This message was deleted.
# harvester
Hi @quaint-alarm-7893, I will take a look at this SB. Do you remember what operation you do before the cluster gets stuck?
thanks @salmon-city-57654, it usually seems like it's when i put a load on the cluster pushing/pulling data, but the most recent time it had an issue, it was just running day-to-day at-rest stuff. i'm not sure if i have a bad switch in the mix, or a node with some sort of issue, or disks. but just randomly goes into a tail spin. most recently my issue is vms lock up w/ an io error, one of them being my gateway (it's a software gateway called untangle, similar to pfsense). when i lose it and i try to bring it back online the vm goes into a perpetual reboot and i have to restore it from a backup. with it, several other vms lock up w/ io errors. but i cant seem to exactly what causes the io error because of the obfuscation w/ replicas, salvage, and all of the things longhorn does. sorry. kinda rambling here... 😕
@salmon-city-57654 you find anything useful?
hi @quaint-alarm-7893, I check the SB and see some IOError events but I do not find the some useful information now.

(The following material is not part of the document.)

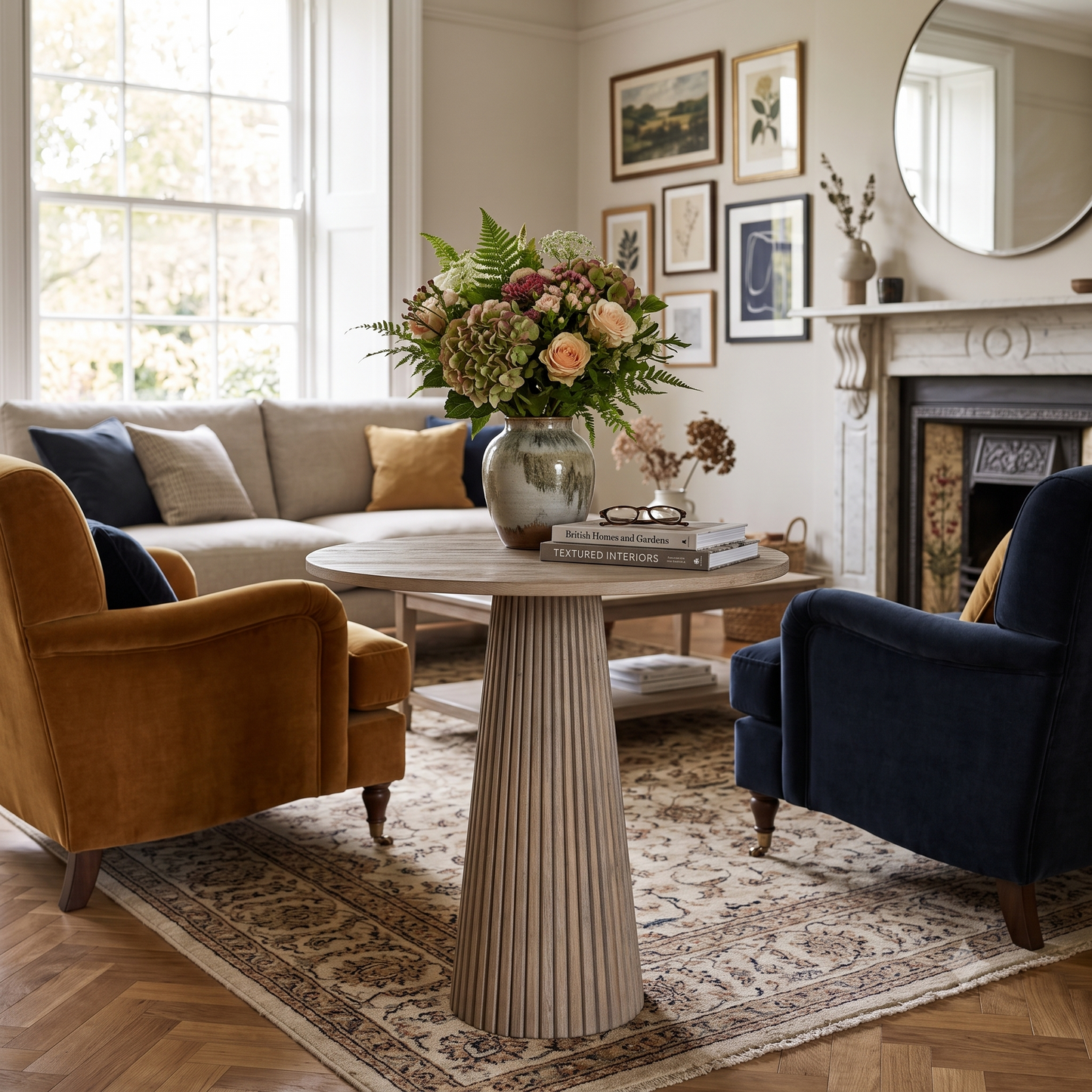 A styled living room scene with a round fluted pedestal table in the center, flanked by a mustard velvet armchair and a navy velvet armchair. A beige sofa, patterned rug, fireplace, and framed wall art are visible in the background.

Could you provide the specific IOError volume? I see the two IOError events 1.
of natimarkwebdb 2.
of addrbbox Does these two VMs lockup as you mentioned above? Also, I see some error on the kernel log on the node
is located. Could you check your hardware status? Thanks!
@salmon-city-57654 the issue is it seems to move around. it's not always the same vm, it's not always the same node. just had another issue now, everything was replicated and happy, not a heavy load, but all of the sudden, i'm replicating a bunch of degraded volumes. i've been following the dmesg logs on each node, and only one node has an error. harvester-05. i just dumped both bundles (lh and har) dmesg points to devices that are no longer attached to the node, so i'm unsure how to track down where the problem is.
now it's spamming dmesg with io erros on dm-1 and dm-2, which map to lvms for a vm that's not even on, or mounted. it's like it's stuck trying to access a volume not even mounted any more.
@salmon-city-57654 bump RE Git issue 3843
Hi @quaint-alarm-7893, sorry I am missing this thread. What is the latest situation now? Do you still meet the random IO error with your VMs? If yes, could you try to generate the SB when you meet the IO error on your VM. and attach it here. I want to check it again. Thanks.
it still does it periodically yes, i can try and clear out everything tonight, and see if i can get it to do it again and i'll post back w/ an updated bundle
Thanks @quaint-alarm-7893. Once we have the latest bundle we can check it again.